**Required action:** Copy out the data exactly, leaving the pictures behind.

**Collected data:**

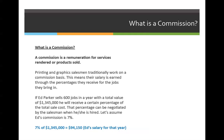If you complete this math problem — 7% of $1,345,000 — the total amount that Ed would earn for that year is $94,150.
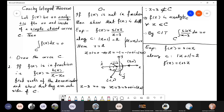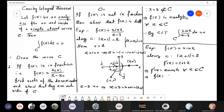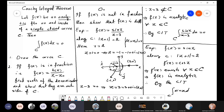Differentiating: f-dash of z equals cos z. For any point inside or on the boundary of C, substituting it into cos z never gives infinity or minus infinity, because the range of cosine is between minus 1 and 1. Therefore f-dash of z exists for all z in the closed curve C, which means f of z is differentiable and hence analytic. By the CIT, the integral of sin z along C equals zero.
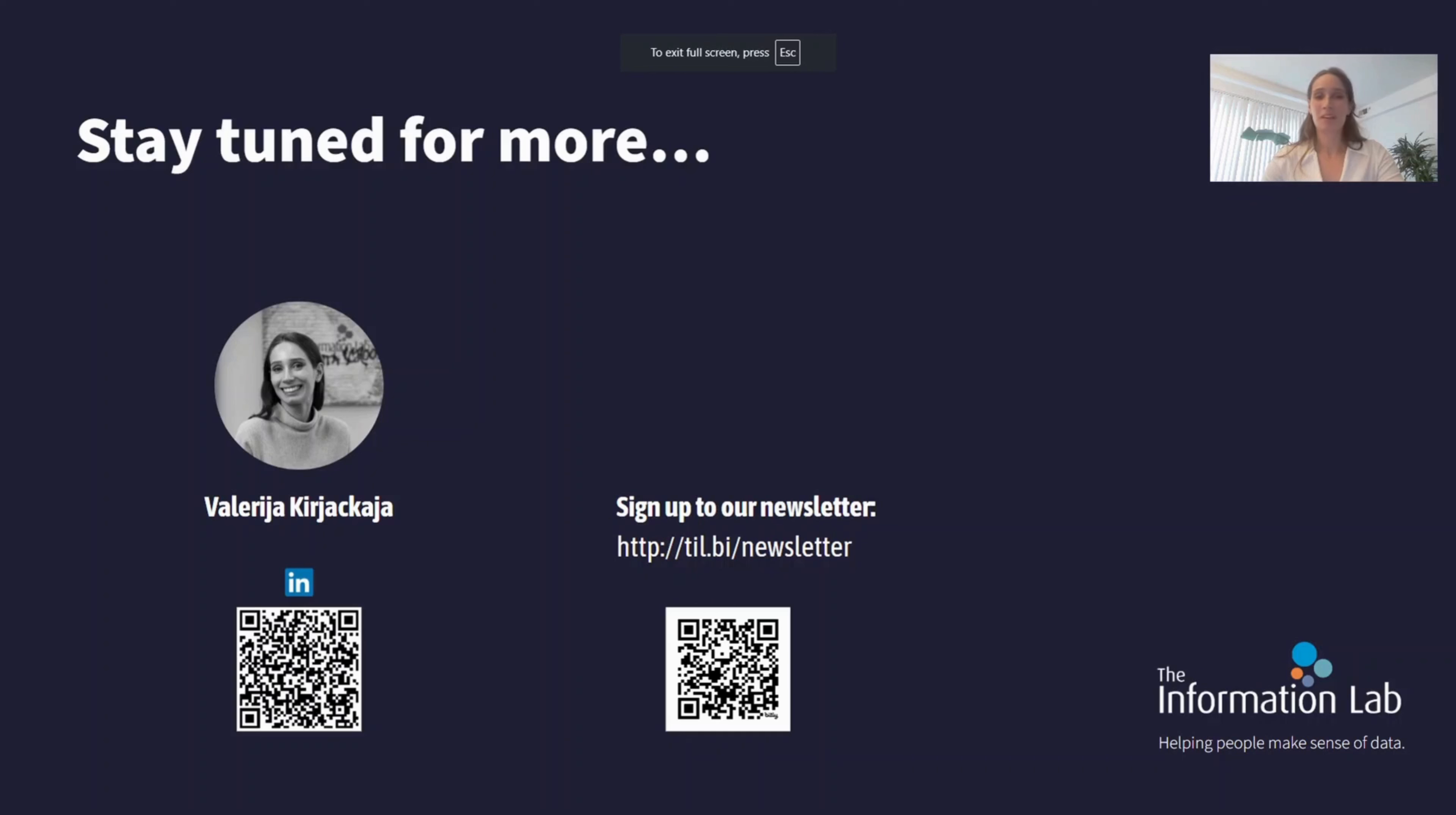Thank you all for watching. I hope you found this useful. Don't be shy and hit that subscribe button. If you want to stay up to date with all the other cool content that we share, join our newsletter.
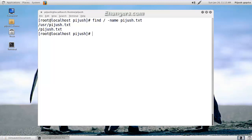Suppose I know the file name but I don't know whether it's uppercase or lowercase. For that case, we have to type find, area to look for, minus i. Minus i tells the find command to do a case insensitive search.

**Solution to this task:**
If you complete this math problem — 7% of $1,345,000 — the total amount that Ed would earn for that year is $94,150.
Differentiating: f-dash of z equals cos z. For any point inside or on the boundary of C, substituting it into cos z never gives infinity or minus infinity, because the range of cosine is between minus 1 and 1. Therefore f-dash of z exists for all z in the closed curve C, which means f of z is differentiable and hence analytic. By the CIT, the integral of sin z along C equals zero.
Thank you all for watching. I hope you found this useful. Don't be shy and hit that subscribe button. If you want to stay up to date with all the other cool content that we share, join our newsletter.
Suppose I know the file name but I don't know whether it's uppercase or lowercase. For that case, we have to type find, area to look for, minus i. Minus i tells the find command to do a case insensitive search.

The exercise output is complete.